With regard to America's dominance in all things: you've been deluded into believing the United States is first in everything. There's a subject for research.

As for alternative fuels: here's a little fact. It takes 1.4 calories of energy now to produce 1 calorie of fuel or food. Here's another: within the last few months, the US became a net food importer, meaning we import more food than we produce. Biofuels look a lot more iffy under those circumstances.

Hydrogen is a possibility, but there's not enough storage capacity in an automobile for gaseous bydrogen. And, there's the issue of accidents (of which we have a great many in this country). Hydrogen will spontaneously ignite, quite dramatically, in the presence of oxygen just by pressure changes in the local atmosphere.

Now, about that amount of spending on defense, as compared to the Vietnam years: one must remember that so-called defense in this country is actually about offensive capability, and one has to figure black projects, intelligence and the share of interest on the national debt for military-related spending--to include VA costs, military retirements, and the amounts spent as deficit spending.

One estimate of the share of interest on the debt today for military-related spending is about 80%. Total interest budgeting this year is about $330 billion.
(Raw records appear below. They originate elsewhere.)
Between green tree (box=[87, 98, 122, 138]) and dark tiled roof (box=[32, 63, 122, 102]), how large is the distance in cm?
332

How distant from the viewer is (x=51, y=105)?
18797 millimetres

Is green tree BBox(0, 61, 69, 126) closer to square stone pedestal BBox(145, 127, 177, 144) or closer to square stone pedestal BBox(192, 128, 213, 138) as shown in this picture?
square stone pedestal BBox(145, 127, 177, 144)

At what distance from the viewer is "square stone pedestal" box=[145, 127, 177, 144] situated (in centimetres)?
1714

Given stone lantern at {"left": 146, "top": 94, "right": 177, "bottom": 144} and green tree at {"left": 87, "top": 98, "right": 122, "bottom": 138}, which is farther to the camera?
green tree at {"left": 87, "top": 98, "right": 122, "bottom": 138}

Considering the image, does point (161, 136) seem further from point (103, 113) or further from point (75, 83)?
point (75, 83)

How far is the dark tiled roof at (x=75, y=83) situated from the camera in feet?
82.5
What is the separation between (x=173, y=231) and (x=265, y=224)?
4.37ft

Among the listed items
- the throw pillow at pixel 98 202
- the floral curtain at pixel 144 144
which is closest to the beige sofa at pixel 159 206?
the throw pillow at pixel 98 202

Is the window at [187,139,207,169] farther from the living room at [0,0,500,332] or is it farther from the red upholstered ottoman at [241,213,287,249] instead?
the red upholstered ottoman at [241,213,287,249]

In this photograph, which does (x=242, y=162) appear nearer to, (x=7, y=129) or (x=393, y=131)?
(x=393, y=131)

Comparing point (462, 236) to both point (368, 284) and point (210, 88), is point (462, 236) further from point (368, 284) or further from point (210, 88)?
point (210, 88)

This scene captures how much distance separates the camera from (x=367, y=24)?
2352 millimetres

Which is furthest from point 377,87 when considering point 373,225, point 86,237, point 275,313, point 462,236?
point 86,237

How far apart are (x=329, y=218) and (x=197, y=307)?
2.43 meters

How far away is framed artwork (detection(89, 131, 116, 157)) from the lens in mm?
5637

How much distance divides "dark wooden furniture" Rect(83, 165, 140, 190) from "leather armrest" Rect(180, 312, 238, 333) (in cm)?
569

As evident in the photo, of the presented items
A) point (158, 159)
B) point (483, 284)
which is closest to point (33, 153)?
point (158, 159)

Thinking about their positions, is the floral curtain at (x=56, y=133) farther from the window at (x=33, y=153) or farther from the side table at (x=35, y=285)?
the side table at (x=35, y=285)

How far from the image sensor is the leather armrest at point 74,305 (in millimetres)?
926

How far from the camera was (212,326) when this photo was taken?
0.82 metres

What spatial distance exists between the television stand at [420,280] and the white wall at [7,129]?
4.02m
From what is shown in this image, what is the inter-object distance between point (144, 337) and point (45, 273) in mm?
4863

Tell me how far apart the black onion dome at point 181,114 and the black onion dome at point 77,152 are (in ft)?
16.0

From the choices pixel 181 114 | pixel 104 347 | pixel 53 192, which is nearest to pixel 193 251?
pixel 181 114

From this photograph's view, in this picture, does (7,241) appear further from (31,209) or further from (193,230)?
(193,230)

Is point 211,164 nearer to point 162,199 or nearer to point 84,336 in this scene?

So, this year, all published items in the defense budget will be about $420 billion, about $30 billion in black-world and off-the-shelf projects, civilian intelligence is secret, but is estimated to be around $35 billion for the NSA, CIA and counterintelligence operations of the FBI. Add about $30 billion in additional funds for so-called homeland security, about $260 billion in debt interest, about $70 billion to operate the VA. Add in the average supplemental, off-budget cost of waging current wars (about $100 billion per year).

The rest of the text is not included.